◆ **Data to examine**
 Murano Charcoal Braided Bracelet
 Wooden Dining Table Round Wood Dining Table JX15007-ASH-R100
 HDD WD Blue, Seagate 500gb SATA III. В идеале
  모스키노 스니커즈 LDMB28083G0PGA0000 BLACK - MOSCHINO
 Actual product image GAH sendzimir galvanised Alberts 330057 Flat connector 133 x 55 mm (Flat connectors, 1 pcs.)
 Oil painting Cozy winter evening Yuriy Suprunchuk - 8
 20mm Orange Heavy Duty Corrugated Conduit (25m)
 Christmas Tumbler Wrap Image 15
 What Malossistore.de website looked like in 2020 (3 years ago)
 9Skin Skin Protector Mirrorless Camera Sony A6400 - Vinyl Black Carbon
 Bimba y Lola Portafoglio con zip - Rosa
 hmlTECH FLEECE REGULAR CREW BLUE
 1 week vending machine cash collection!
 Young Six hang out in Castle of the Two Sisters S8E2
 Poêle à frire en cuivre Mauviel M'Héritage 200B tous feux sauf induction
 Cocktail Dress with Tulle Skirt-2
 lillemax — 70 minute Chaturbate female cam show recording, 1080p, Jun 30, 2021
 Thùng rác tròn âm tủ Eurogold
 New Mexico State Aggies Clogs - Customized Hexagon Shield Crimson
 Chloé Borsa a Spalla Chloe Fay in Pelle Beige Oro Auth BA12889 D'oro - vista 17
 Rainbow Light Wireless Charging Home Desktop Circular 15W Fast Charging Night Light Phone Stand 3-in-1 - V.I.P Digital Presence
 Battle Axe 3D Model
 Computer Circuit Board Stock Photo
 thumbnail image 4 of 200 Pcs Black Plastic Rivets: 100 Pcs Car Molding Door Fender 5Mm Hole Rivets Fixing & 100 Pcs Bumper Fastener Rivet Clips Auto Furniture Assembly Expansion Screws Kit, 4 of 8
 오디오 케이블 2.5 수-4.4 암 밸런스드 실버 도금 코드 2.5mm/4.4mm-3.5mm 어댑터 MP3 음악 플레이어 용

◆ **Exercise brief**
Repeat exactly the lines of the listing from its first line through the line that holds "Actual product image". Nothing else should appear.

◆ **Answer to this task**
 Murano Charcoal Braided Bracelet
 Wooden Dining Table Round Wood Dining Table JX15007-ASH-R100
 HDD WD Blue, Seagate 500gb SATA III. В идеале
  모스키노 스니커즈 LDMB28083G0PGA0000 BLACK - MOSCHINO
 Actual product image GAH sendzimir galvanised Alberts 330057 Flat connector 133 x 55 mm (Flat connectors, 1 pcs.)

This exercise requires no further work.